I’m Slowly Going Crazy

I feel as though I have been slowly loosing my mind this year. For the longest time I’ve been thinking it’s all me; I’m just seeing things, making things up in my head and what not. Turns out, it ain’t just me (thankfuckinggod).

Here is a list of reasons why I am going crazy:

  • My cat is trying to kill my boyfriend.
  • My Hungarian temperamental, gypsy of a boss is moody beyond menopausal. I swear, if she hasn’t been diagnosed with bi-polar disorder yet, I will have completely lost faith in our medical system.
  • MONEY! Having too little I want to die, having too much I want to cry.
  • When you are cracking me a smile with your ass. Plumber’s butt, I just don’t like the look of it.
  • Cheaters. Not relationship ones, the fuckers who cheat in card games, sports and board games.
  • People who ask to borrow my gum. You cannot borrow my fucking gum, you can ask for a piece of gum in which case you spit or swallow, but I will not let you borrow my gum. Borrowing implies you will return it to me post chew, NO FUCKING THANKYOU!
  • People who ask questions by giving me a choice between ‘two’ options. However, these lazy cunts give me one option, as in: Would you like tomato sauce on that or….OR WHAT! Seriously what is my other option here? Would you like to give me another option or….did you want me to slap you or….do you like girls or…..
  • Vegetarians are few and far between! Yet, there are still countless options for vegetarians everywhere! I don’t discriminate (accept against foreigners and men with small feet). My issue with the whole vegetarian thing is when I’m at social events there is always a vegetarian option. This is not the problem; the problem is when there are no options left accept the vegetarian options, in which was order for the single digit vegetarian in the room. By the way, I love meat.
  • The realization that I am actually not Batman.Image
  • Sequels. Yeah, some are great, but most are terrible. Not only are they terrible they ruin the first one!
  • People who talking and talk and talk. They talk when you shit, they talk when you are watching a movie, they talk when you are playing videos. RULE #1: When you are with me and I’m playing up my stories, don’t be talking. Just shut the fuck up.

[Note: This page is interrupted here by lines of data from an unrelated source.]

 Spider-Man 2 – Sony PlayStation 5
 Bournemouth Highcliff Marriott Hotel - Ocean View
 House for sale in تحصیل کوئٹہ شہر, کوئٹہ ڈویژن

  • I am not a lady. My man is more of a lady.
  • Dora The Explorer.
  • The waiters/waitresses who always ask how my food is when their is food all in my mouth. What’s wrong with you? Can’t you see I’m breaking bread?
  • Bus drivers be crazy!
  • Black people be crazy!
  • Laundry is something I have to pay for. One load of laundry is 6$ gone. That 6$ could have been spent on 2ffors!

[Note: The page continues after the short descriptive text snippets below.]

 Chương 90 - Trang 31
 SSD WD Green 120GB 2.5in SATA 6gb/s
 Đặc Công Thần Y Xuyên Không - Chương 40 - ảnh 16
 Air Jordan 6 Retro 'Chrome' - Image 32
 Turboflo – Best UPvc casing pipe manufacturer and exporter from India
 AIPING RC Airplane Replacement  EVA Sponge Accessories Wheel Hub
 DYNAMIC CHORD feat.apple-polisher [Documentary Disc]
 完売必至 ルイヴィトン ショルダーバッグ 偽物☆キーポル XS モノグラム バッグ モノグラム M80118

  • Pee dribble, on the seat or in my pants.
  • Bras! I love my girls to be free. I do! But working in a fast pace environment and working out daily, bras are in order. The hold the tata’s in, but can be painful, itchy, and uncomfortable.
  • People who air guitar. YOU GEEK!
  • I am lonely.Image
  • Fran Dresher (since 1992)
  • People who cannot drive, but drive! WHO ARE YOU! Why the fuck are you butt sniffing my ride, not using your fucking turn signals, and driving way below the speed limit. You shit heads! You are all over the ‘Couve, take a walk man. L-i-t-e-r-a-l-l-y.

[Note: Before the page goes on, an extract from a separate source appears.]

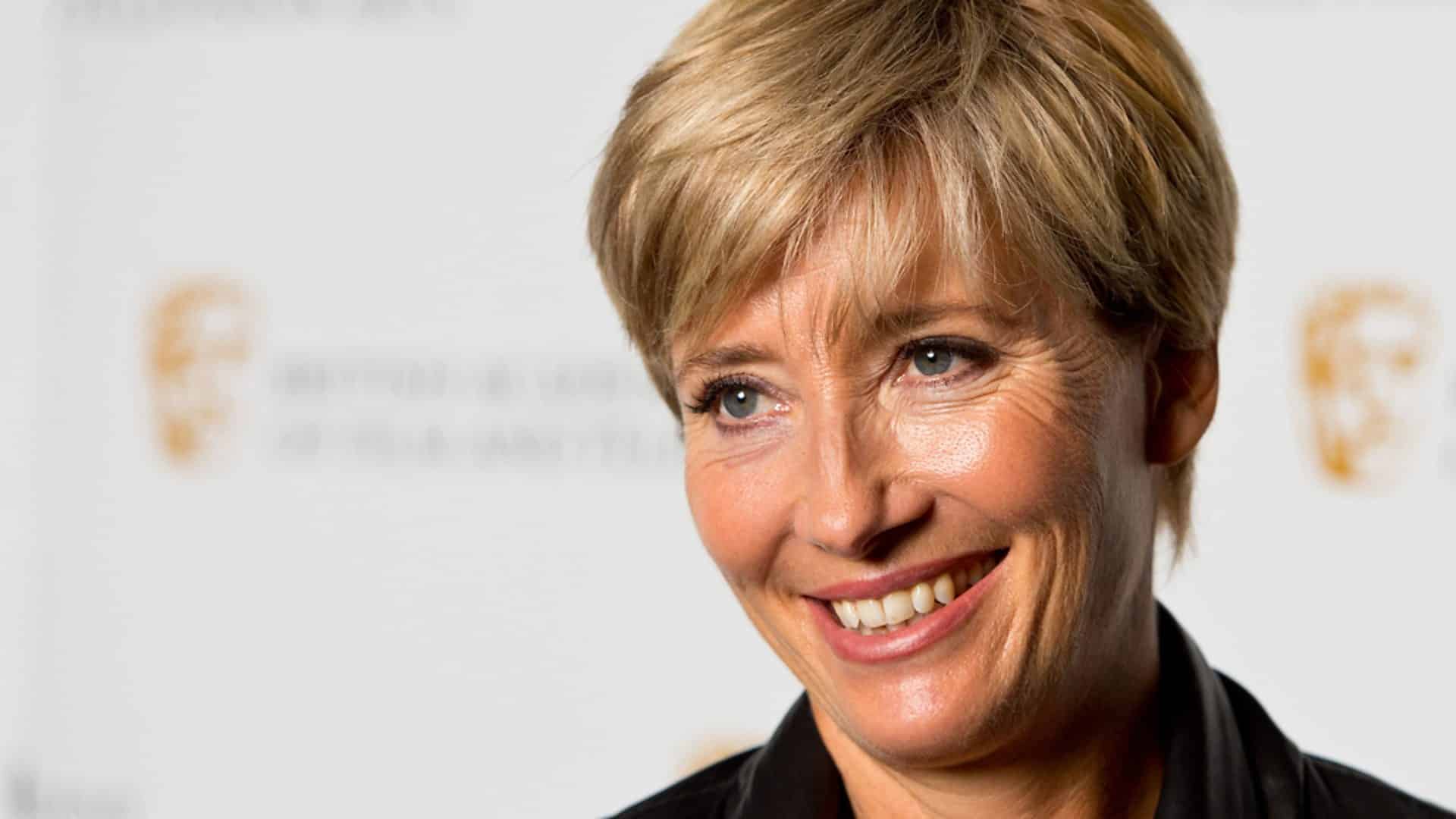 Men in Black 4: Emma Thompson si unisce al cast del reboot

  • People who name their kids after objects. Apple, Pilot, Stew!
  • Adam Sandler movies! He acts the same in everything, not to mention all his movies are shit. Pure shit! You want to know what shit looks like, watch an Adam Sandler movie.
  • Endless rain!
  • Dog shit on the side walk. Pick it up! Bag it! Use it as fertilizer later, I don’t care! Just clean up your doggies shit.
  • Human shit on the side walk. Seen it once, never again or I’ll loose it.
  • People who stare. CREEPERS! I tell you what!
  • Almost every time I do my laundry, one sock is missing!E-V-E-R-Y-T-I-M-E! Where do all my socks go?! I swear to god if the cloth gnomes grandma told me about as a child are real I’ll shit myself.

People! I’M SLOWLY LOSING MY MIND! I can keep these crazy-trigger things coming and coming. But alas, I won’t. Why? Don’t ask me why or I’ll lose it.